In addition to the many things you should be writing, you need to write and respond via social media. Instead of devoting all your time to posting photos of your kitten, you need to connect with your audience. Sharing kitten posts may be a part of that, but you need to have an actual conversation.
Too often we forget that social media is…social. It is a conversation. Lecturing is not social. Having a two-way discussion is.
So how do you jump in and do that? It’s easy.
You can certainly share other people’s posts. But, you need to add a note explaining why you are sharing. If you share a photo of a crocodile, is it because you love crocodiles, or fear them, or breed them, or study them, or think they are funny?
Do keep in mind that search engines crawl social media. Pasting a link into a post accomplishes nothing. You are simply reposting exactly what has appeared elsewhere. Not adding some of your own contact can actually drive readers away from you. If you post a link to something else, with no further information, your reader is going to click on that link and leave your post, possibly never to return. So, why did you post it? Were you involved in some way? Were you hoping to drive your reader away?
It’s fine to post something out of the goodness of your heart, for absolutely no reason. We do it all the time.
But, you do need to focus most of your social media presence on conversations that relate to your business and, let’s make no mistake, writing is a business. Treat your posts like an advertisement for your business.
The social media side of the business can be time-consuming. And, yes, there’s an app for that. In fact, there are several.
Use a social media management application to schedule posts. Write content ahead of time and then intersperse it with other content, as it appears. At 108 pages, The Definitive Guide to Social Media is twice as long as a lot of things that pass for books these days, yet it is one of the best guides I have seen—and it is FREE.
There is never an excuse for your social media to appear to be out of date. There is even less excuse for it to actually be out of date. Use whatever tool you need to in order to keep posts fresh and current.
I have just started using Airtable’s Blog Editorial Calendar. I can plan out my writing schedule ahead of time and fill in content when I get a chance. I can schedule when I anticipate posting something. I added columns for the various streams I use so I can track where I will or have posted. Airtable understands attachments so I can attach images or text and not have to remember where I stored them and on which server. But, a spreadsheet would do just as well for something simple, basic and already on your computer. Basically, you just need a process.

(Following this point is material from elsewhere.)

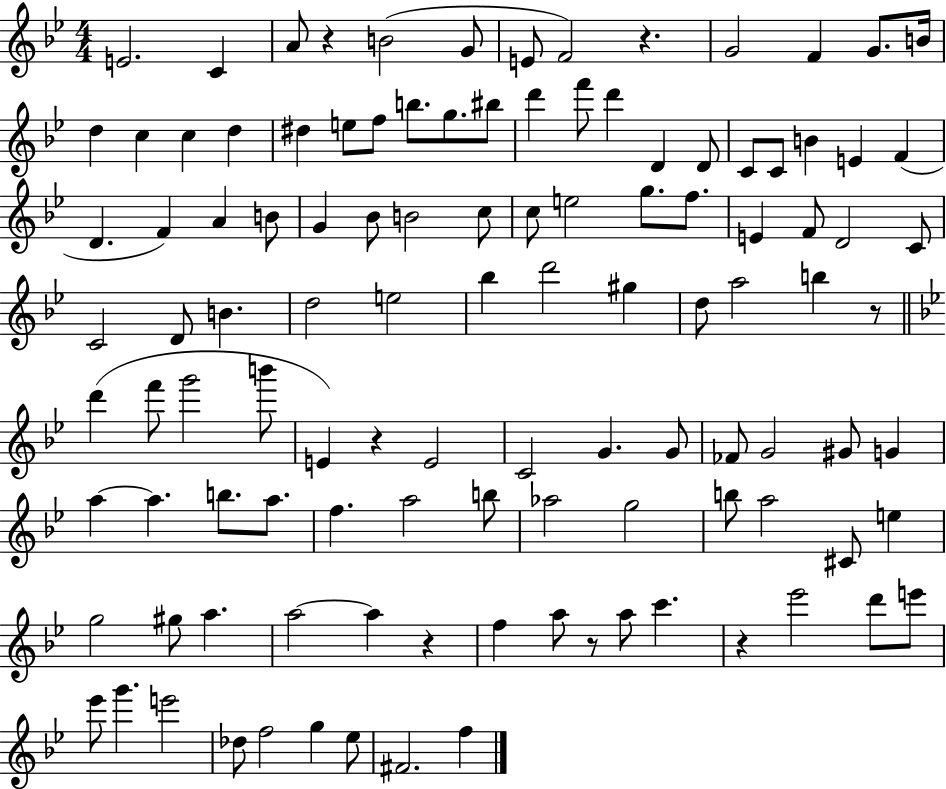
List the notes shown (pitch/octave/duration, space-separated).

E4/h. C4/q A4/e R/q B4/h G4/e E4/e F4/h R/q. G4/h F4/q G4/e. B4/s D5/q C5/q C5/q D5/q D#5/q E5/e F5/e B5/e. G5/e. BIS5/e D6/q F6/e D6/q D4/q D4/e C4/e C4/e B4/q E4/q F4/q D4/q. F4/q A4/q B4/e G4/q Bb4/e B4/h C5/e C5/e E5/h G5/e. F5/e. E4/q F4/e D4/h C4/e C4/h D4/e B4/q. D5/h E5/h Bb5/q D6/h G#5/q D5/e A5/h B5/q R/e D6/q F6/e G6/h B6/e E4/q R/q E4/h C4/h G4/q. G4/e FES4/e G4/h G#4/e G4/q A5/q A5/q. B5/e. A5/e. F5/q. A5/h B5/e Ab5/h G5/h B5/e A5/h C#4/e E5/q G5/h G#5/e A5/q. A5/h A5/q R/q F5/q A5/e R/e A5/e C6/q. R/q Eb6/h D6/e E6/e Eb6/e G6/q. E6/h Db5/e F5/h G5/q Eb5/e F#4/h. F5/q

Some sites use a gimmick [I am not using that word derogatorily]. I used to manage social media for a zoo and we had a “guess what animal this is” day once a week. We knew that we could draw people on that day. Even if they had not looked at our website since the previous week, they would come on that day for the fun.
There was no prize. Just interaction. And, parents often involved their children who would, of course, want to come to the zoo to see the animal in person!

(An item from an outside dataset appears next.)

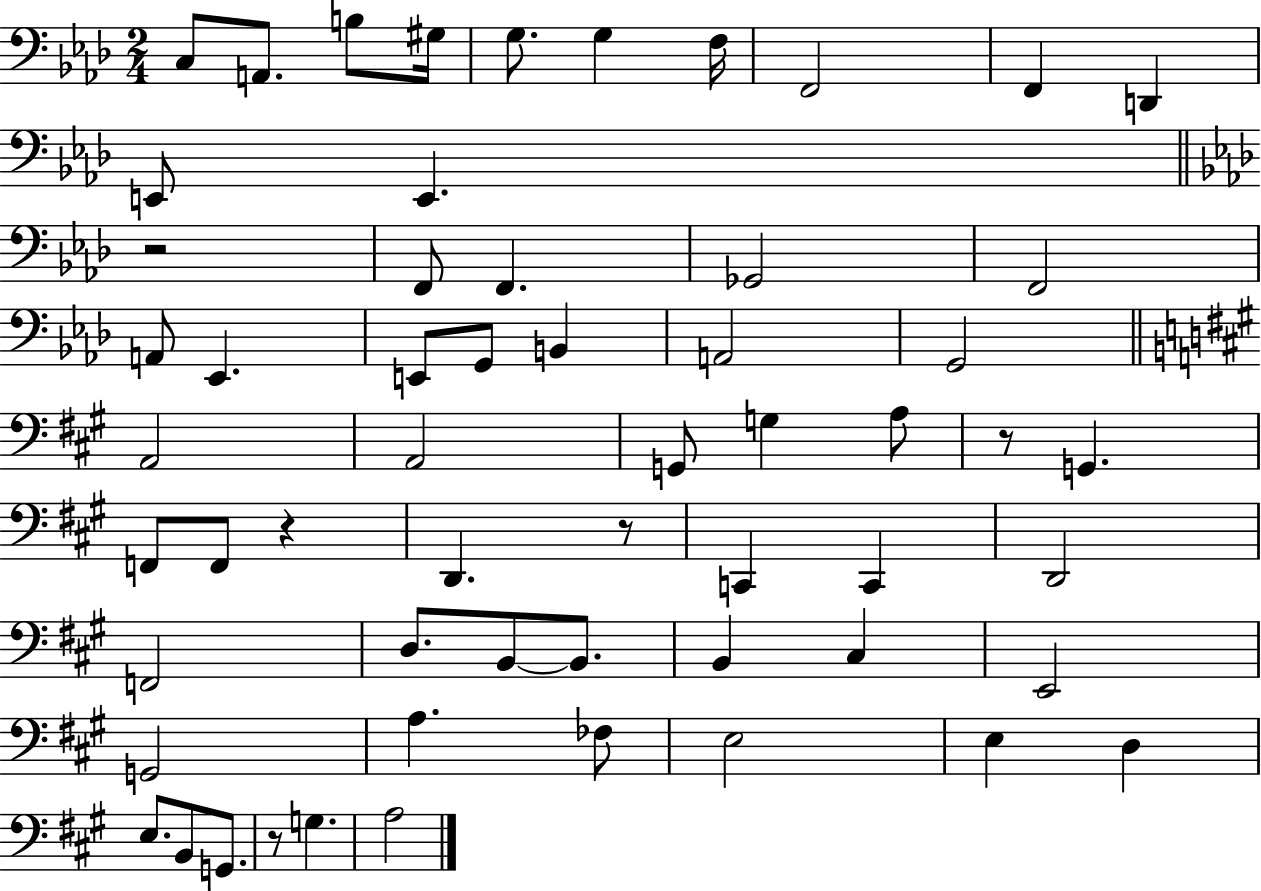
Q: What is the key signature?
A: AES major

Writing has the unique misfortune of not usually having a location. It does not lend itself well to Yelp! or TripAdvisor, unless you are writing about a location. But, you don’t need a location. You need a conversation.

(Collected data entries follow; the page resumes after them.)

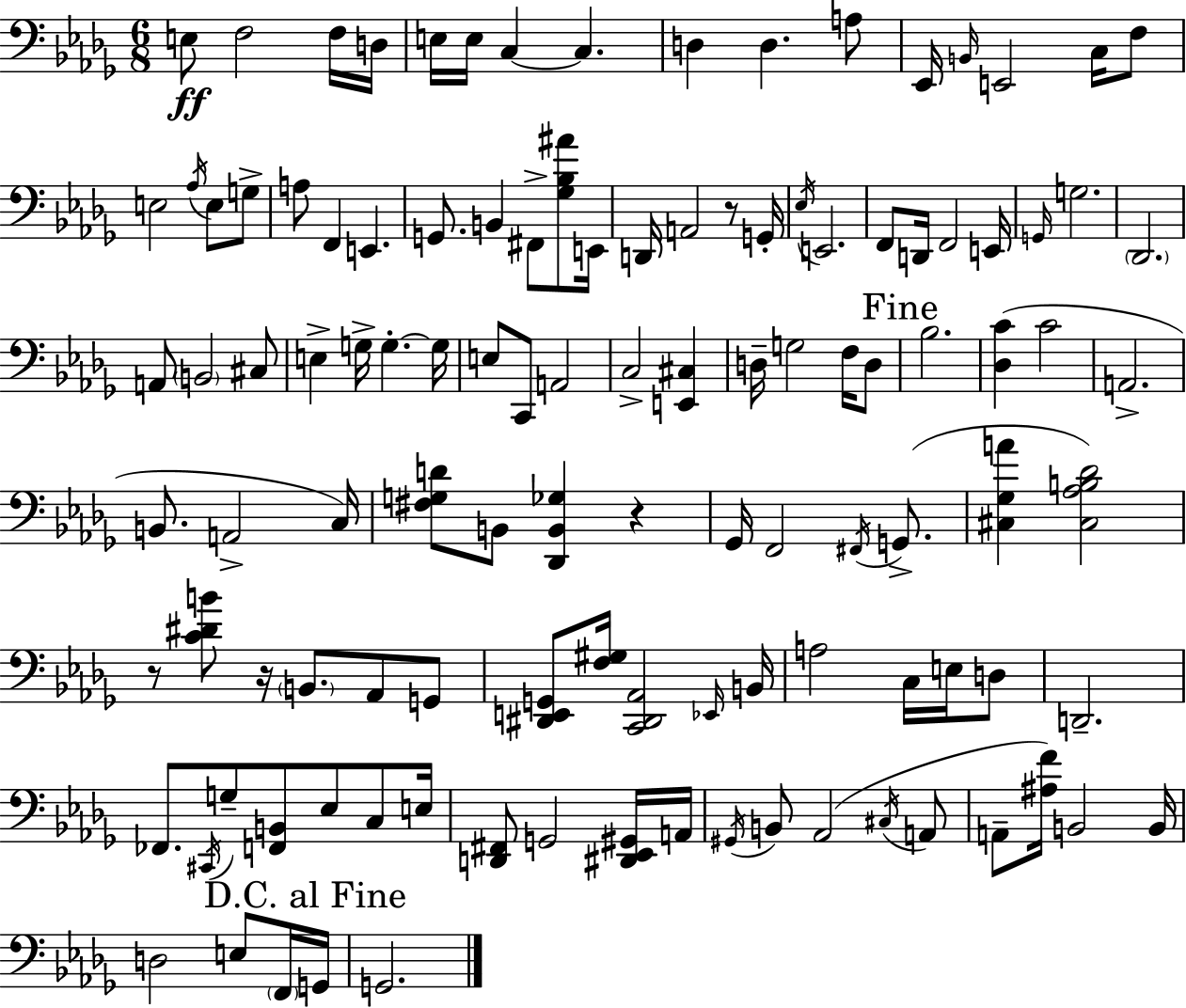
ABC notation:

X:1
T:Untitled
M:6/8
L:1/4
K:Bbm
E,/2 F,2 F,/4 D,/4 E,/4 E,/4 C, C, D, D, A,/2 _E,,/4 B,,/4 E,,2 C,/4 F,/2 E,2 _A,/4 E,/2 G,/2 A,/2 F,, E,, G,,/2 B,, ^F,,/2 [_G,_B,^A]/2 E,,/4 D,,/4 A,,2 z/2 G,,/4 _E,/4 E,,2 F,,/2 D,,/4 F,,2 E,,/4 G,,/4 G,2 _D,,2 A,,/2 B,,2 ^C,/2 E, G,/4 G, G,/4 E,/2 C,,/2 A,,2 C,2 [E,,^C,] D,/4 G,2 F,/4 D,/2 _B,2 [_D,C] C2 A,,2 B,,/2 A,,2 C,/4 [^F,G,D]/2 B,,/2 [_D,,B,,_G,] z _G,,/4 F,,2 ^F,,/4 G,,/2 [^C,_G,A] [^C,_A,B,_D]2 z/2 [C^DB]/2 z/4 B,,/2 _A,,/2 G,,/2 [^D,,E,,G,,]/2 [F,^G,]/4 [C,,^D,,_A,,]2 _E,,/4 B,,/4 A,2 C,/4 E,/4 D,/2 D,,2 _F,,/2 ^C,,/4 G,/2 [F,,B,,]/2 _E,/2 C,/2 E,/4 [D,,^F,,]/2 G,,2 [^D,,_E,,^G,,]/4 A,,/4 ^G,,/4 B,,/2 _A,,2 ^C,/4 A,,/2 A,,/2 [^A,F]/4 B,,2 B,,/4 D,2 E,/2 F,,/4 G,,/4 G,,2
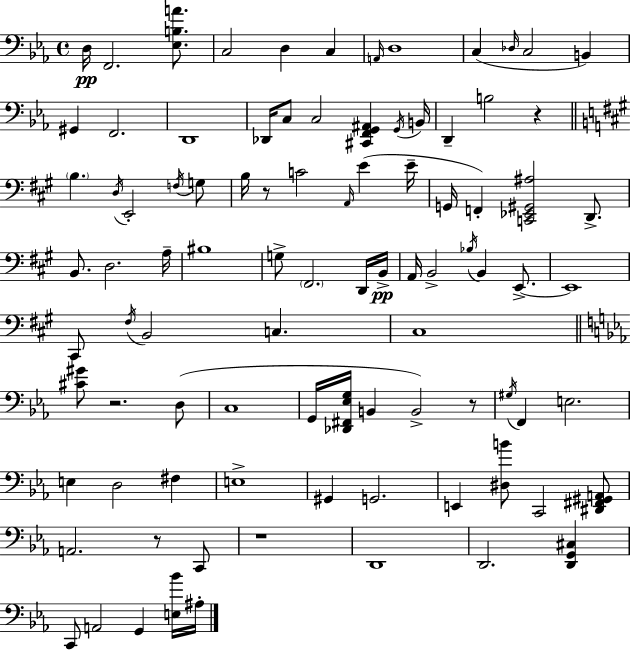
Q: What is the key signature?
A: C minor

A common hashtag currently in use is #writerwednesday. Should you participate? You can ride on the coattails of the likes of Huffington Post—but can your content compete with the Huf, or will it swallow you? Maybe you’re better off creating your own hashtag. You decide.
Writers are often shy. We would rather curl up with a book than be the life of the party. Usually. Most of us, anyway. But, SEO and social media should be second nature for us. It’s all just words and do we ever love words?